- **Your assignment**
The required output is the exact run of lines below that opens at the line with "Melatonin 60mg |" and closes at the line with "Depend - Dotting".

'''

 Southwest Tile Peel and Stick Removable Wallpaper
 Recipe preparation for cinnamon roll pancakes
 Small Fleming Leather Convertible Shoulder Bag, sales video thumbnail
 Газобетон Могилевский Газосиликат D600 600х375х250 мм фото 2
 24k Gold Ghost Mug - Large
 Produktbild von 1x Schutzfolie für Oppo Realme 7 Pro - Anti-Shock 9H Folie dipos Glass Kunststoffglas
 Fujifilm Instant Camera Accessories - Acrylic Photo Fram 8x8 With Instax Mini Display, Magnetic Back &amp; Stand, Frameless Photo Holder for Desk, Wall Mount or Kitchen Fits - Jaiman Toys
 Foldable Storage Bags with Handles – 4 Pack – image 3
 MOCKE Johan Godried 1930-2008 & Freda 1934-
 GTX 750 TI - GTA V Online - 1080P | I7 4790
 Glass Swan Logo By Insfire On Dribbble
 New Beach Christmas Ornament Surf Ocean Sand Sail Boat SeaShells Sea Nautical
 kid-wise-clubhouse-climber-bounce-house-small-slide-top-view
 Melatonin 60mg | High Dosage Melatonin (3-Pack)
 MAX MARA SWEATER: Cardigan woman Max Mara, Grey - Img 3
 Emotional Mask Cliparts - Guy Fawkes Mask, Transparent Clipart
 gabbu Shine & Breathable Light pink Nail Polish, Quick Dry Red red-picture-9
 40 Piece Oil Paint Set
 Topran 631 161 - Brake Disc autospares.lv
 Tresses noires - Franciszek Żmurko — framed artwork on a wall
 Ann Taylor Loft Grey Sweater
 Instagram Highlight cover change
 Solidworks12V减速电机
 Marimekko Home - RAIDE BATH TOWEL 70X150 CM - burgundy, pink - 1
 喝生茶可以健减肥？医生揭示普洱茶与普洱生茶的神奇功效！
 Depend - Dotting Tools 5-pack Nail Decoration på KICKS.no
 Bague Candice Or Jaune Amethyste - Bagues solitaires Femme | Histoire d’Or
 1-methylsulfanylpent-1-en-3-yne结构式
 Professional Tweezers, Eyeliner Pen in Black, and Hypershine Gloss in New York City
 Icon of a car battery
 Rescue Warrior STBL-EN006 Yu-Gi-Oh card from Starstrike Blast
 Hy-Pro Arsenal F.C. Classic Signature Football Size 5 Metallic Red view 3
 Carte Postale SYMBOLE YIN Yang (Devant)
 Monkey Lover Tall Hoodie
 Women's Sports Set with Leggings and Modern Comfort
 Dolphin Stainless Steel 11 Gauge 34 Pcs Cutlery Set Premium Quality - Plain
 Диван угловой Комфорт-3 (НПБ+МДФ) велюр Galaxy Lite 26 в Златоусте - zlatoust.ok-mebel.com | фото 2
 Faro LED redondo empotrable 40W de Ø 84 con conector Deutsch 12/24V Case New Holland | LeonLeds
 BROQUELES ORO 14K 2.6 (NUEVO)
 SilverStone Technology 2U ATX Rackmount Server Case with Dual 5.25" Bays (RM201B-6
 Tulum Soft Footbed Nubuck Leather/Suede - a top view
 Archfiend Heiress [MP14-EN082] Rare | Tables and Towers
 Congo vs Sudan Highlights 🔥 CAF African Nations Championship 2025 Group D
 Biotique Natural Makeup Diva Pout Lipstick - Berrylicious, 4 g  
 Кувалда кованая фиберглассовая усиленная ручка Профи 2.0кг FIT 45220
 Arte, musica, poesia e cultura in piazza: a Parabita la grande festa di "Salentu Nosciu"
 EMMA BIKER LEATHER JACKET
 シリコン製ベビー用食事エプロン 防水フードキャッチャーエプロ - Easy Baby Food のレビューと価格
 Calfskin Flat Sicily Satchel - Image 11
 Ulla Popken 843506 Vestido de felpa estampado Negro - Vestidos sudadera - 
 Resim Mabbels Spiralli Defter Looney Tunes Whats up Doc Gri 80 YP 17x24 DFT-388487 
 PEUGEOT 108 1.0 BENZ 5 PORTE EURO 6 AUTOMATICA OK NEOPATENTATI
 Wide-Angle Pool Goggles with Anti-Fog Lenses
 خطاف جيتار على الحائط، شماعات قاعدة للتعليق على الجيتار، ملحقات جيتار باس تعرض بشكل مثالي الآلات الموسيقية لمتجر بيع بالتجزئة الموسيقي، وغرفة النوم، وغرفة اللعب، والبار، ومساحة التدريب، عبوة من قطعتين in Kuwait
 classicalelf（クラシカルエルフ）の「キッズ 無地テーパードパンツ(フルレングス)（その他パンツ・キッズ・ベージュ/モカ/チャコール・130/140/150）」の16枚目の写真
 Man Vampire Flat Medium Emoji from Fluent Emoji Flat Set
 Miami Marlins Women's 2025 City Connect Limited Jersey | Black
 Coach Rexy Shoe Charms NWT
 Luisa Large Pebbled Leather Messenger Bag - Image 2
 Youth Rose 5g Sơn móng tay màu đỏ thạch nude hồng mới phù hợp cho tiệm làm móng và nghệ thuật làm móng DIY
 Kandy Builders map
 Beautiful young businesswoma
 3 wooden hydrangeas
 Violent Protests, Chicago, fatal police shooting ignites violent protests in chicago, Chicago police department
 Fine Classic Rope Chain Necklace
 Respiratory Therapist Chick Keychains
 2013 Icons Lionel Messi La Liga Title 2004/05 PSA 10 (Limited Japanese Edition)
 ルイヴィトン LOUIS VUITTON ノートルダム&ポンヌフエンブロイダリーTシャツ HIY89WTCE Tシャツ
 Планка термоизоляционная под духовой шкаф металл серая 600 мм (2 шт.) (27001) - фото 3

'''

- **Problem solution**
 Melatonin 60mg | High Dosage Melatonin (3-Pack)
 MAX MARA SWEATER: Cardigan woman Max Mara, Grey - Img 3
 Emotional Mask Cliparts - Guy Fawkes Mask, Transparent Clipart
 gabbu Shine & Breathable Light pink Nail Polish, Quick Dry Red red-picture-9
 40 Piece Oil Paint Set
 Topran 631 161 - Brake Disc autospares.lv
 Tresses noires - Franciszek Żmurko — framed artwork on a wall
 Ann Taylor Loft Grey Sweater
 Instagram Highlight cover change
 Solidworks12V减速电机
 Marimekko Home - RAIDE BATH TOWEL 70X150 CM - burgundy, pink - 1
 喝生茶可以健减肥？医生揭示普洱茶与普洱生茶的神奇功效！
 Depend - Dotting Tools 5-pack Nail Decoration på KICKS.no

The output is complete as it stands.